Saya ada di kota Bandung untuk beberapa hari. Makan siang di sebuah restoran bersama dengan teman-teman. Usai makan, kami beranjak ke luar, berdiri menunggu yang lain di samping bus. Kami pun bercakap-cakap tentang enaknya makanan di restoran Bandung ini. Tanpa disengaja, kulihat dua orang anak perempuan berjongkok tepat di sebelahku. Rupanya mereka sudah ada di situ sebelum kami datang. Kulirik mereka. Wajah mereka tampak polos, polos sekali. Usia mereka kira-kira 12-13 tahun. Salah satu dari mereka membawa gitar. Saya sudah bisa tebak, mereka berdua pasti pengamen.
“Dik, ayo dong nyanyi, “ ujar saya.
“Nyanyi lagu apa Pak?” tanya salah seorang dari mereka.
“Nyanyi lagu apa sajalah, yang penting bagus,” jawab saya sekenanya.
Lalu mereka berdua bersepakat menyanyikan sebuah lagu yang cukup terkenal sambil memetik gitar dengan tiga tali senar! Saya tak tahu persis siapa penyanyi asli lagu itu dan apa pula judulnya. Tapi, lagu itu sudah sering saya dengar. Kedua anak itupun menyanyikan lagu itu dengan demikian baiknya. Tak ada suara sumbang. Dua suara terpadu kompak, kompak sekali.
Usai menyanyikan satu lagu, teman saya di sebelah berujar, “Suaramu bagus. Ayo dong nyanyi satu lagu lagi,” pintanya. Kedua anak itu pun kembali berembuk singkat lagu apa yang akan dibawakan. Lalu, mereka melantunkan sebuah lagu tentang kehidupan yang berat dan tidak bersahabat. Lagu itu terdengar sangat indah, merasuk jauh ke dalam kalbu. Saya masih tetap terdiam menikmati lagu itu. Sesekali saya pandangi kedua anak gadis itu. Dalam hati saya berpikir, bagaimana dengan masa depan anak-anak ini, anak-anak seperti ini?
“Mengapa adik mengamen?,” saya mulai bertanya lebih jauh.
“Ya, Pak, saya mengamen untuk keluarga,” jawab keduanya hampir serempak.
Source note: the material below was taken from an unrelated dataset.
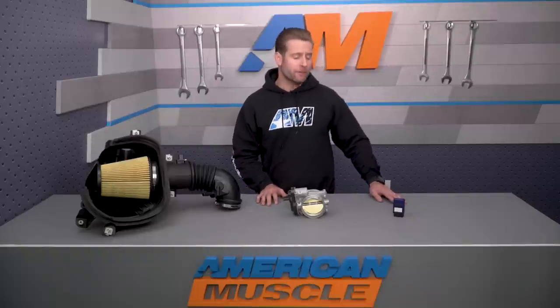In addition to the power gain, Ford Performance also claims a few other benefits when using their ProCal tool and corresponding calibration. Manual Mustangs get the very cool no-lift shift strategy in addition to improved throttle response, while automatic owners can look forward to a slightly different shift schedule and slightly firmer shifts overall. Both automatic and stick-equipped cars can also read diagnostic trouble codes using the ProCal tool.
Yang bertubuh lebih kurus melanjutkan bahwa orang tuanya sudah bercerai 2 tahun lalu. Ibunya tidak bekerja. Ia pun harus mencari uang untuk menghidupi keluarganya. Gadis yang satunya lagi juga berucap hal yang hampir sama. Sama-sama dari keluarga broken home.
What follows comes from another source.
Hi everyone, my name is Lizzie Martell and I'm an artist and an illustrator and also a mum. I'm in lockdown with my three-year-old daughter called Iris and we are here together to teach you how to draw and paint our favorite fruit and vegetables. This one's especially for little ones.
“Adik tidak sekolah?” tanya saya.
“Tidak Pak, saya tak bisa lagi sekolah. Kelas 4 SD saya keluar dari sekolah. Saya harus bekerja untuk keluarga,” ujarnya. Saya sangat terharu oleh penuturan kedua gadis kecil ini. Ke mana perginya kepedulian sesama? Ke mana perginya pemerintah? Ke mana perginya hati nurani? Mendengar kata-kata mereka yang polos dan sangat bersahaja, hati saya jadi sangat tersentuh? Hampir saja air mata saya tumpah saat itu. Kalau hal itu sampai terjadi, malu rasanya dilihat teman-teman. Dalam hati saya berkata, “Tuhan, tolonglah anak-anak ini. Bantulah mereka agar selamat dari marabahaya dan tunjukkan jalan yang terbaik untuknya.”
Saya melambaikan tangan kepada teman-teman yang baru saja usai makan agar mendekat dan menikmati nyanyian kedua anak gadis kecil ini. Setelah dua nyanyian selesai, satu demi satu teman merogoh dompet, memberikan uang untuk mereka berdua. Kami semua berbagi dengan ikhlas untuk mereka.
Kami harus berangkat. Saya pun melambaikan tangan kepada kedua gadis itu. Dari dalam bus, saya perhatikan senyum kedua anak itu mengembang. Saya yakin mereka berdua gembira hari ini karena lumayan banyak rejeki yang didapat. Bus pun mulai bergerak, dan saya sungguh merasa bahagia dengan memberi.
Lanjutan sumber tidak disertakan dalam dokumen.